Two main arguments support an ensemble method approach to climate model emulation: These methods are skillful at interpolation tasks, but by construction are unable to extrapolate (Breiman, 2001). However, for applications of climate model emulation, interesting predictions will likely lie inside the hypercube delimited by historical data, low-emissions (ssp126 ) and business-as-usual (ssp585 ) scenarios. A major advantage of ensemble methods over more complex ML methods such as neural networks (and even ESMs) is their interpretability. This is important as ultimately predictions should inform decision-making. Being able to provide explanations why a given input led to a prediction helps to understand the consequences of decisions about emission pathways.
To train the random forest emulator, we use the historical dataset and the socio-economic pathways ssp585 , 126 , and 370 . For each dataset, we take the average of its ensemble members and reduce the dimensionality of SO2 and BC emission maps to the first five principal components. Separate random forest emulators are trained for the four target variables. The following hyperparameters are tuned using random search: number of trees, tree depth, number of samples required to split a node and to be at each leaf node.

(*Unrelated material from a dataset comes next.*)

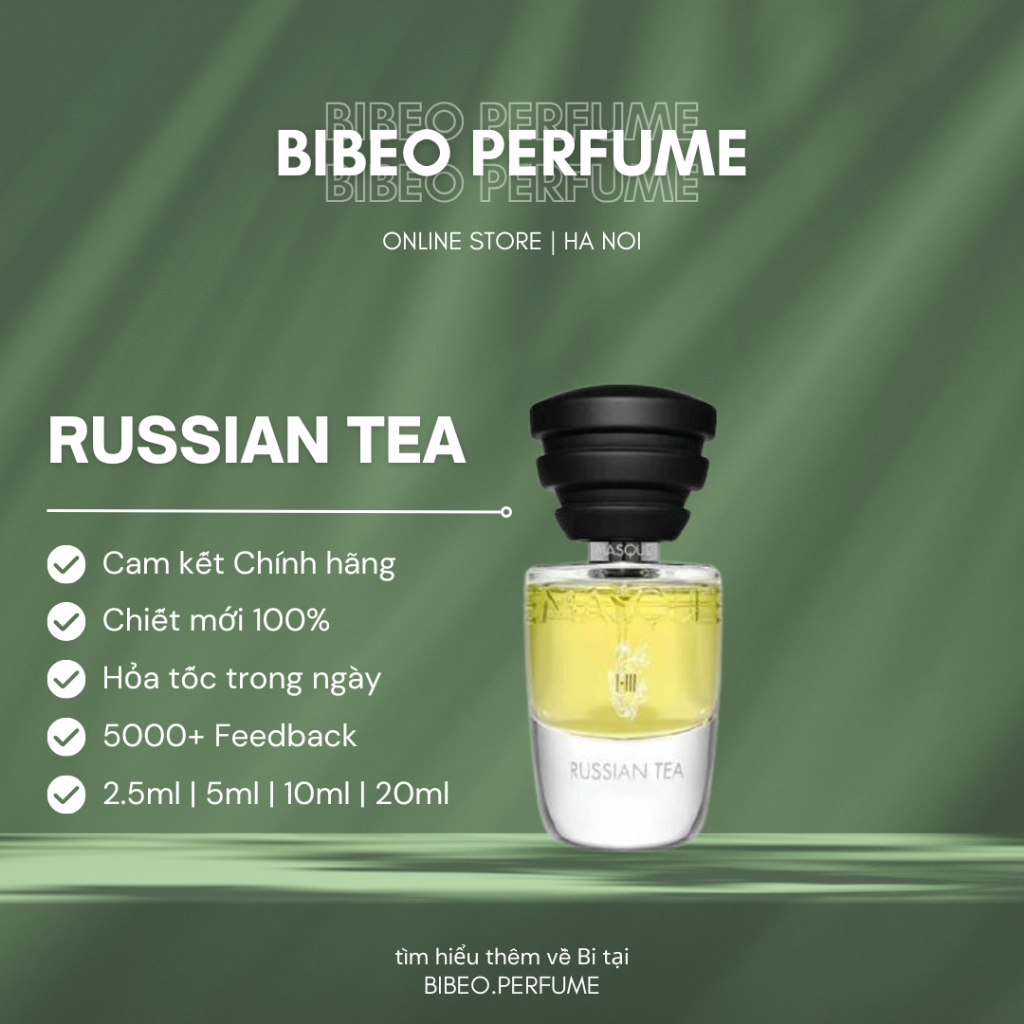 |BIBEO| Nước hoa Russian Tea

The hyperparameters used for each emulator are indicated in Section A2.
As shown in Table 2, the mean RMSE scores for the years 2051-2100 of the random forest regressors are comparable to the performance of the other emulators for diurnal temperature range, precipitation and extreme precipitation. The temperature prediction is comparable but slightly worse than the predictions of the neural network architecture. To assess the impact of the four input features on the prediction, we calculate the permutation feature importance. It is defined as the decrease in a model score when a single feature value is randomly shuffled (Breiman, 2001). Figure 5 shows that CO2 concentrations dominate the predictions. For temperature predictions the other features are negligible. SO2 and BC aerosol emissions have a small impact on the global mean temperature and precipitation predictions. This is in line with the physical understanding that while anthropogenic aerosol can influence precipitation rates (both radiatively and through aerosol-cloud interactions), aerosol contributions play a negligible role at the end of the century in the test scenario. The regional influences may be more significant however and this will be explored separately.